Originally published on Tue January 3, 2012 11:33 am
For some of America's lowest-paid workers, the new year means a pay raise. Some states set their own minimum wages, above the federal rate of $7.25 an hour, and that rekindles an old debate over whether minimum wages make sense — especially at a time of high unemployment.
Like several other states, Washington state's minimum wage is indexed to the cost of living. This year, the formula has raised the statewide minimum from $8.67 to $9.04 an hour, making it the nation's highest statewide rate.
Zack Colon is just out of college, and while he prepares for grad school, he works as a chef. He says that extra 37 cents an hour will make an appreciable difference to his weekly income.
"Ten, fifteen dollars is like two meals. Any raise is, like, big," Colon says.
But for Colon's boss, the raise is an unwelcome financial burden. Skyler Riley is a young entrepreneur, and two years ago this 20-something opened his restaurant — Rainin' Ribs — just outside Seattle. Even though he owns the place, Riley also works the till.
"With your payroll, you know you can operate a lot yourself, you can certainly cut hours in a way that you physically use your own two hands," Riley says. "But when you're raising the payroll costs of an hourly minimum wage, it's definitely not helping."
Pro-business groups in Washington state say the $9-an-hour wage may prove to be a "tipping point," a kind of sticker shock that could discourage employers from hiring more people. There's even a theory that the state minimum wage — which is counted separately from tips — might explain the understaffing and lousy service at some Seattle restaurants. It's Economy 101: The more you raise the price of something — employment, in this case — the less of it there'll be.
"I don't think there's any sensible economist who thinks you could double the minimum wage and not throw a lot of people out of work," says David Neumark, director of the Center for Economics and Public Policy at University of California, Irvine. There is a debate, he says, over the effect of incremental raises for the small group of largely unskilled workers who earn the minimum wage.
"The consensus from a lot of studies I've surveyed — including my own — says that a 10 percent increase in the minimum reduces employment of those very low-skilled groups by about 1 to 2 percent," he says.

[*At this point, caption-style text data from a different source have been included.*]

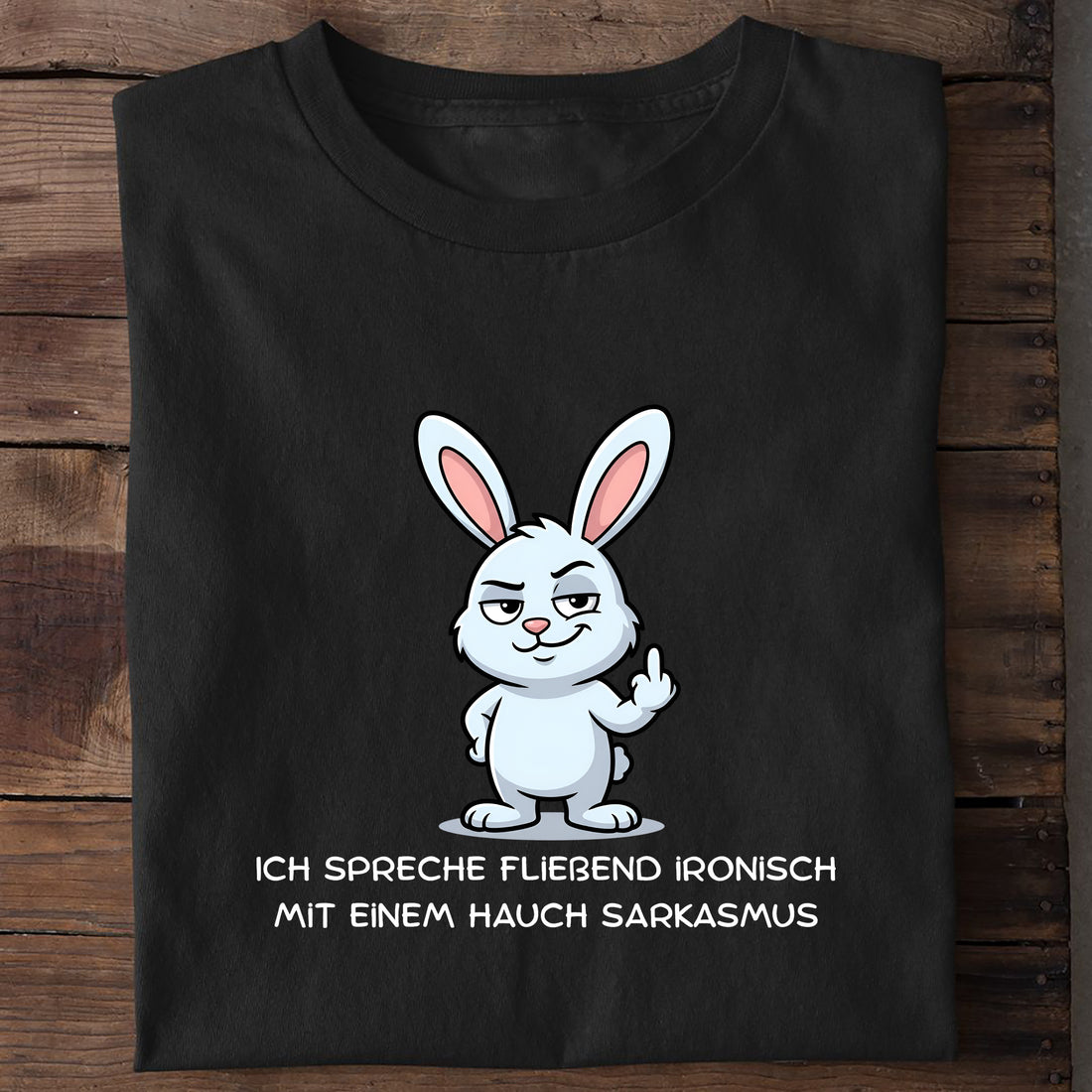 T-Shirt Ironisch mit einem Hauch Sarkasmus, getragen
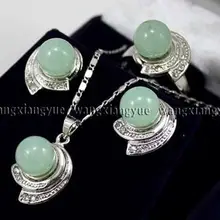Мода настоящий зеленый нефрит круглые бусины серьги и кольцо и ожерелье кулон набор AAA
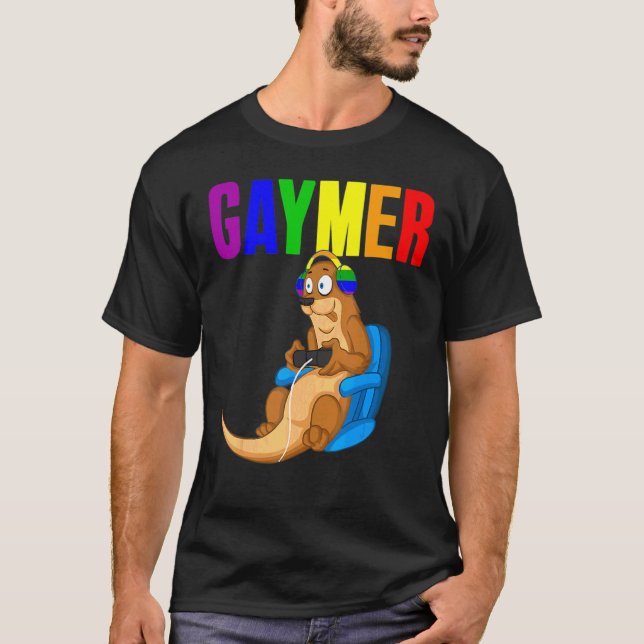 Camiseta Bandera del Orgullo Gay Gaymer Gamer Juego de Vide (Anverso)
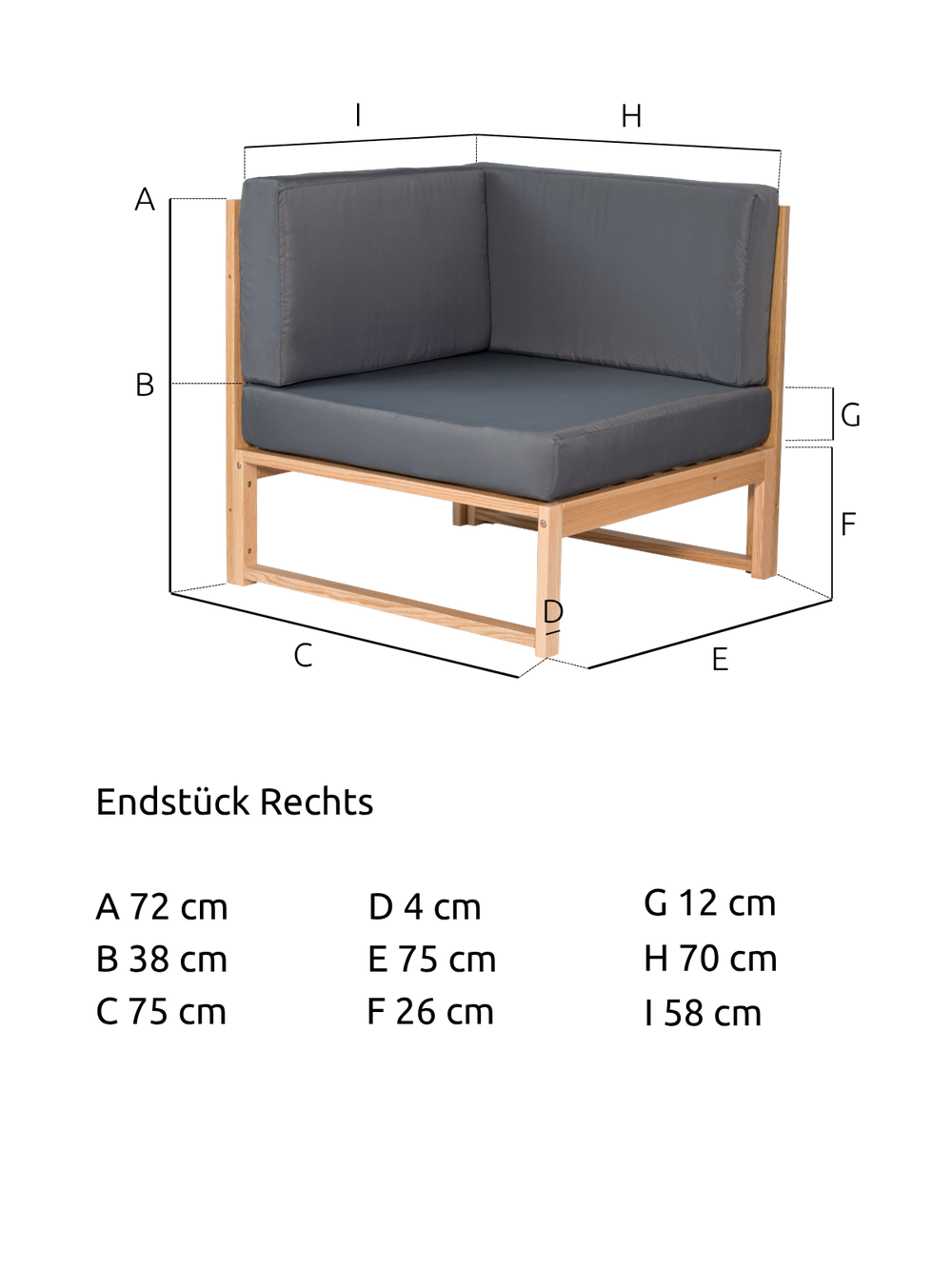 Maßzeichnung des Gartenlounge-Eckstücks aus Eiche mit 75 cm Breite, 58 cm Tiefe und 72 cm Höhe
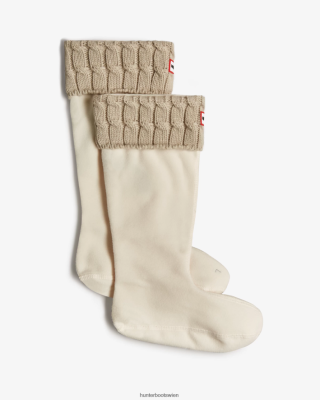 Hunter Stiefel Wien - Hunter Hohe Stiefelsocken aus recyceltem 6-Stich-Zopfmuster mit Bündchen Männer F6V84F401 Greige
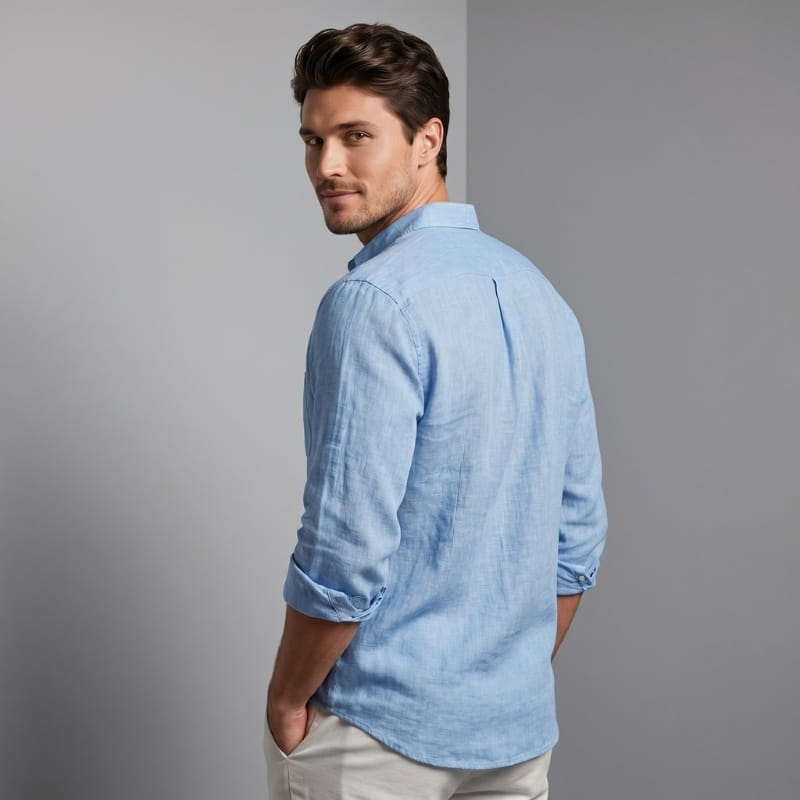 Royce Linen Blend Casual Shirt – Roll-Tab Sleeve Popover Collar Relaxed Breathable Top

Keep in mind, that's 1 to 2 percent of the people earning minimum wage, and they make up only about 5 percent of the workforce nationally. So the job losses are pretty tiny.
Defenders of the minimum wage say it's even less than that, pointing to a couple of recent studies that show zero net job loss. David Cooper, an analyst with the pro-labor Economic Policy Institute, says the minimum wage is especially necessary now.
"When you have lines of the unemployed around the corner looking for jobs, there's no real pressure for employers to raise wages," Cooper says.
And in this age of Occupy Wall Street, Cooper says, pushing up that wage floor is one way to address growing income inequality.
"Increases in the minimum wage are essentially a shift from corporate profits to low-wage employees," he says. "And we know that low-wage employees spend more of their money. They're going to spend essentially every penny they get, so that increased demand is going to result in more economic activity and potentially more jobs."
Still, economists on both sides tend to agree that the minimum wage itself isn't that big of a factor for America's working poor. For one thing, many of the people earning the minimum aren't poor at all; they're teenagers or middle-class part-timers looking for extra income.
The working poor tend to earn more — because they have to if they're supporting a family. For them, the benefit of recent minimum-wage hikes has been relatively small, especially when compared with other anti-poverty programs such as the federal Earned Income Tax Credit.